Camino testigo del paso de cientos de carretas y de tropas costarricenses.

Finalmente, poco antes del mediodía, Karla y yo entramos a Atenas que nos recibió con un monumento dedicado al boyero costarricense y su importancia en la economía de la vieja Costa Rica cafetalera. 




Según mi plan, ese día habría de pernoctar en Atenas. Pero diay, como llegué más temprano de lo previsto decidí ir al parque a respirar un poco el ambiente del lugar. Encontré que los atenienses tienen allí a modo de memorial esta extraña piedra aborigen.

Me senté en un poyo del parque y llegó un hombre con una niña. Conversamos un rato. Le pregunto si San Mateo era difícil de alcanzar. Me responde que para nada, que en bicicleta perfectamente podría llegar sin mayor angustia. 
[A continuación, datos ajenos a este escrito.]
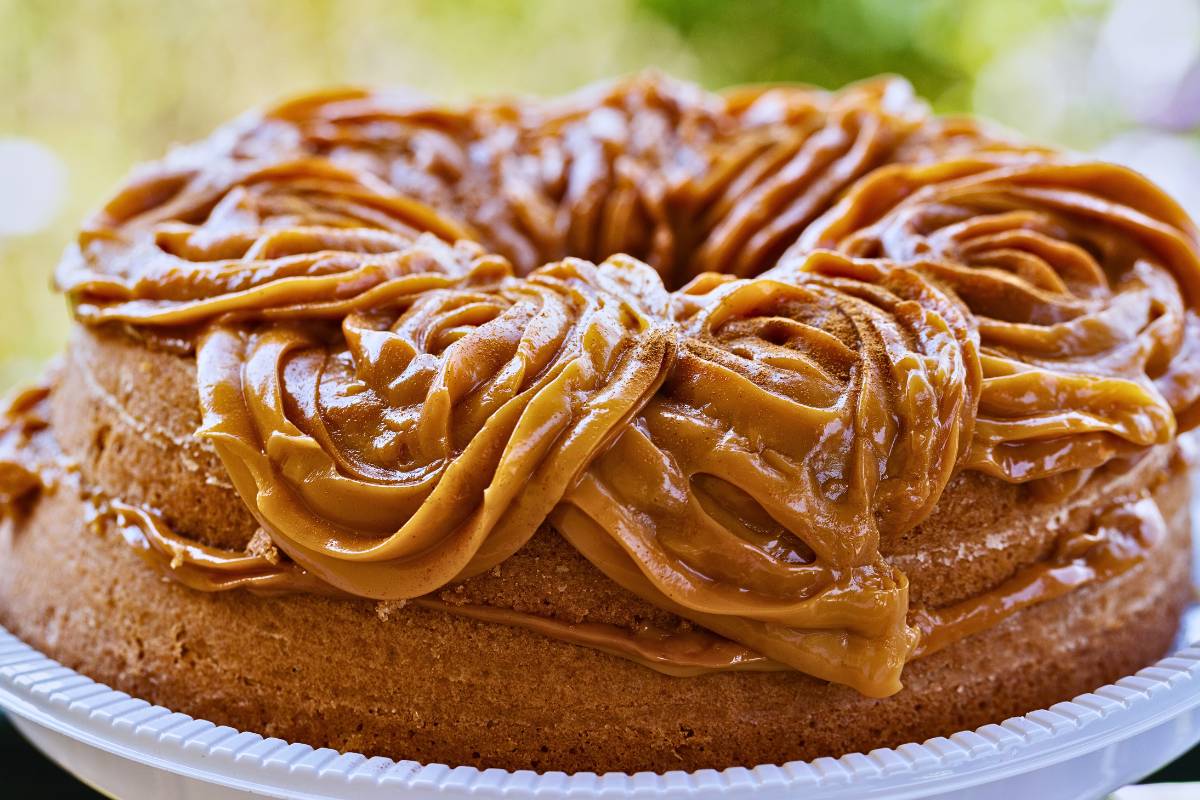 Descubra o Doce Prazer: Bolo de Churros com Doce de Leite!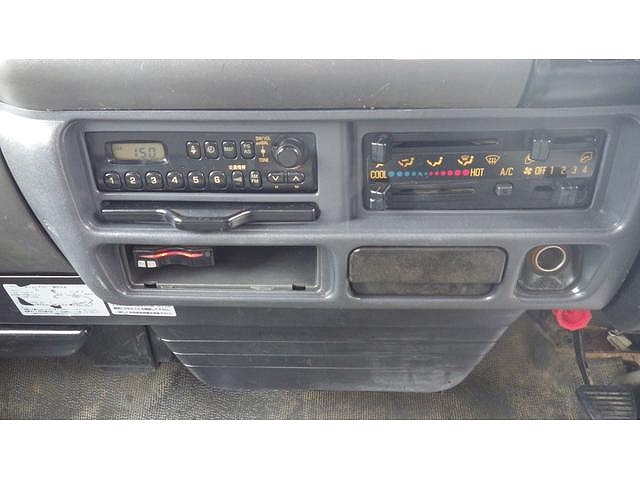 いすゞエルフコンテナ専用車小型（2t・3t）[写真36]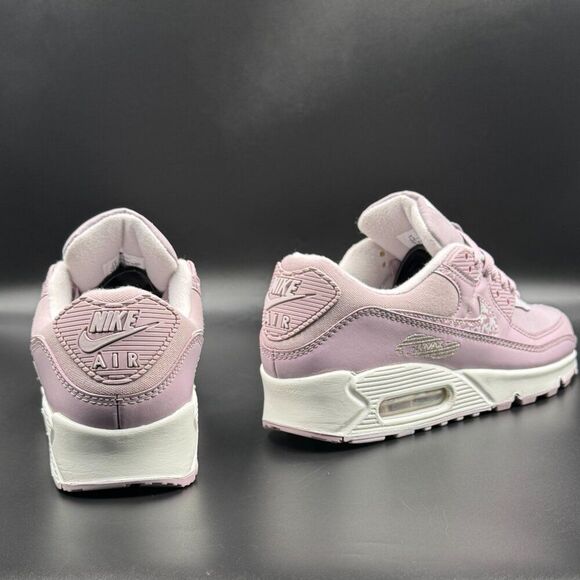 Nike Wmns Air Max 90 'Plum Fog Camo' - Picture 8 of 12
Viendo que eran apenas pasaditas las 12, y que estaba lleno de vitalidad como mi tata a sus 17 años, sin almorzar ni nada decidí salir allí mismo hacia San Mateo. 

¡Juemialma embarcada! El camino resultó largo, extenuante y pesadísimo. Allí me acordé que no tenía 17 sino 65. Cerca del descenso de la cuesta el Aguacate me arratoné y el dolor me obligó a tirarme de la bici y tenderme boca arriba al lado de la carretera. Parecía un recién atropellado a punto de fallecer. 

A los 15 o 20 minutos me volvió el alma al cuerpo, comí unas pasas y pude medio incorporarme. Dichosamente, cerca había un bosquecito en el que me metí para bajarme los pantalones y frotarme las piernas con Cofal. 

Al rato salí del bosquecito renqueando y tembeleque, fue entonces cuando me topé con un hombre mayor que estaba por ahí vendiendo unos aguacates. Se sorprendió al verme y me dice: ¡Oiga, veo que viene jalando mucho peso en esa bicicleta! ¡Uy, esas alforjas!
Me prestó la silla en la que él estaba sentado a la sombra de un árbol. Allí me habló un rato mientras yo terminaba de recuperar el resuello. 

El hombre me animó al asegurarme que la bajada el Aguacate estaba a solo 400 metros y que a San Mateo quedaban solamente 7 kilómetros, la mayor parte de bajada. Pero aún con esas refrescantes palabras del amigo la llegada a la meta fue totalmente desgastante. 

Ese día me volé desde Heredia hasta San Mateo poco menos de 59 kilómetros. 




Casi gateando, conseguí llegar a San Mateo. La voz ni me salía cuando le pedí a un taxista que me llevara a Orotina, pues el hijo de mi tata ya no estaba para un pedalazo más.

En Orotina alquilé una cabina y extenuado me tiré en la cama mientras me decía: ¿Quién me mete a mí en estas varas?